What you should do: After locating the line with "Hesabını HDP’den soracağım" in the entries below, output it and each following line up to and including the line with "Le Petit Trotel", exactly and without pictures.

Material provided:
====================

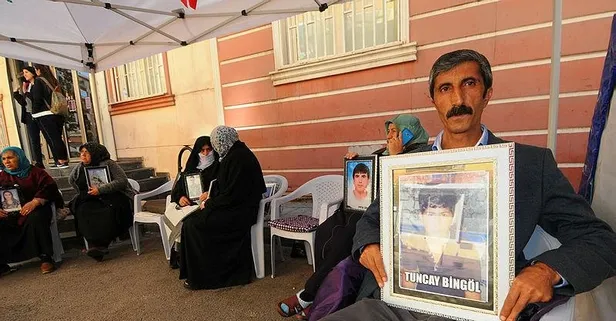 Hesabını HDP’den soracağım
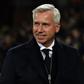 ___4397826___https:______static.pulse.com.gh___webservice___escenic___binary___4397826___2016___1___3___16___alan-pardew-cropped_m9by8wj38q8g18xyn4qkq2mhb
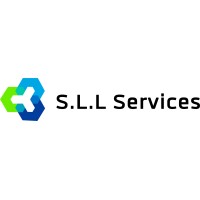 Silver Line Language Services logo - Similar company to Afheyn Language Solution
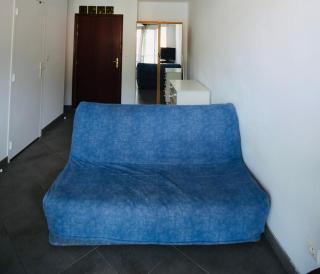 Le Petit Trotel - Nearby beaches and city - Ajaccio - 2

====================

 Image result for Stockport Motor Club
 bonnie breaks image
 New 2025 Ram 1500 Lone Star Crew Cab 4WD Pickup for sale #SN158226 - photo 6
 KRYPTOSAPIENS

====================

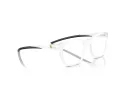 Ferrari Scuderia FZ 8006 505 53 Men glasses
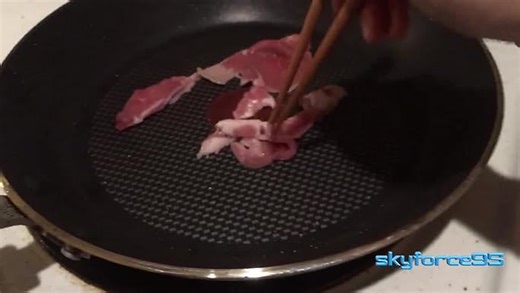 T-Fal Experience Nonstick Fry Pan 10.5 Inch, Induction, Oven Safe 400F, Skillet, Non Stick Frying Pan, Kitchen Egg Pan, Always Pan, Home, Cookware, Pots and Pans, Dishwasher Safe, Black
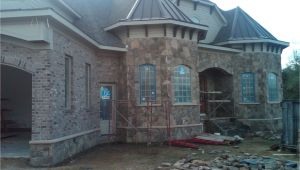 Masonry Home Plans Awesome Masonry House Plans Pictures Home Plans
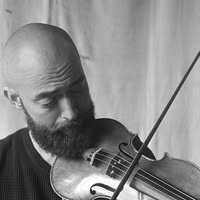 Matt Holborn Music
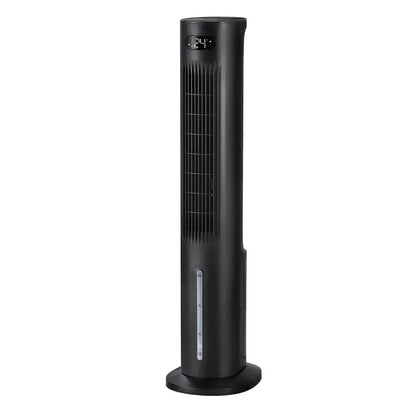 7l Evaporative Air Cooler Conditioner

====================

Answer:
 Hesabını HDP’den soracağım
 ___4397826___https:______static.pulse.com.gh___webservice___escenic___binary___4397826___2016___1___3___16___alan-pardew-cropped_m9by8wj38q8g18xyn4qkq2mhb
 Silver Line Language Services logo - Similar company to Afheyn Language Solution
 Le Petit Trotel - Nearby beaches and city - Ajaccio - 2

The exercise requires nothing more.